Although consideration of the benefits of exogenous enzymes has focused mainly on cereals (wheat, barley, and corn), other dietary components should also be considered. For example, diets containing barley as the major cereal source will also typically contain wheat or rice by-products and plant-protein meals. To target only the barley component of the diet with a ß-glucanase is inappropriate: enzyme supplements should ideally contain adequate activities of xylanases, cellulases, and pectinases for secondary feed ingredients. In commercial situations, therefore, it is worth considering the practical value of using multienzyme complexes (targeting one feed) instead of substrate-specific enzymes (targeting one ingredient).
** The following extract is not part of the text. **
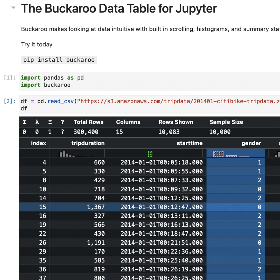So let's break down what Buckaroo brings to the table. One of its standout features is its ability to quickly explore data frames. You can scroll through them with ease, which is a huge time saver. It's like when you're reading an engaging book and you just want to flip through the pages rather than getting bogged down in detailed analysis before you even start.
Responses to enzymes Boilers

As a result of endo-xylanase and ß-glucanase
supplementation, the long backbones of the arabinoxylans and ß-glucans are cleaved into shorter fragments, thereby reducing their viscosity (Gruppen et al. 1993). Supplementing broiler diets with combinations of xylanase and ß-glucanase minimizes the adverse effects of NSPs and improves the nutritive value of the diet (Campbell et al. 1989; Francesch et al. 1989; Helander and Inborr 1989; Wiedmer and Völker 1989; Jansson et al. 1990; Bedford et al. 1991; Benabdeljelil 1992; Brufau et al. 1993; Jeroch and Dänicke 1993; Schurz et al. 1993; Vukic Vranjes and Wenk 1993; Benabdeljelil and Arbaoui 1994; Broz and Perrin-Voltz 1994; Broz et al. 1994; Marquardt et al. 1994; Veldman and Vahl 1994; Allen et al. 1995; Almirall et al. 1995; Choct et al. 1995; Classen et al. 1995; Fuente et al. 1995; Juin et al. 1995; Klünter, Devaud et al. 1995; Klünter, Weber et al. 1995; Langhout and Schutte 1995; Mohammed 1995; Partridge and Wyatt 1995; Schutte et al. 1995; Van der Klis et al. 1995; Vukic Vranjes and Wenk 1995; Dunn 1996).

One of the main reasons for supplementing wheat- and barley-based poultry diets with enzymes is to increase the available energy content of the diet. Increased availability of carbohydrates for energy utilization is associated with increased energy digestibility (Partridge and Wyatt 1995; Van der Klis et al. 1995). The AME of wheat has been extensively studied and found to have a considerable range (9 500–16 640 kJ/kg) (Mollah et al. 1983; Rogel et al. 1987; Annison 1995; Choct et al. 1995; Ward 1995). Enzyme supplementation improves this range by enhancing carbohydrate digestibility, reducing gut viscosity, and improving fat utilization (Almirall et al. 1995). The improvements in AME resulting from enzyme supplementation are variable because of the variability in the NSP content of wheat. Classen et al. (1995), Schutte et al. (1995), and Van der Klis et al. (1995) reported improvements of 5–16, 3.1–4.5, and 4.5–12.4%, respectively, and in recent Australian trials, improvements of 3–30% were observed (unpublished data). The increase in AME with the use of enzymes is difficult to predict, as nutrient ratios, such as energy–protein, and other factors also play an important part in poultry-feed formulations. The AME value of wheat has been correlated with its content of water-soluble NSPs (Annison 1991), which in turn affects gut viscosity (Bedford et al. 1991). Unfortunately, NSP analyses are relatively lengthy processes, and in a commercial situation rapid testing of incoming grains is required. No chemical test or detectable physical characteristic can be used to rapidly predict the AME value of wheat or to estimate the improvements to be expected from the use of enzymes. This is part of the difficulty in trying to accurately estimate the energy content of wheat or barley in poultry feeds and compensate for the deficiency by adding enzymes.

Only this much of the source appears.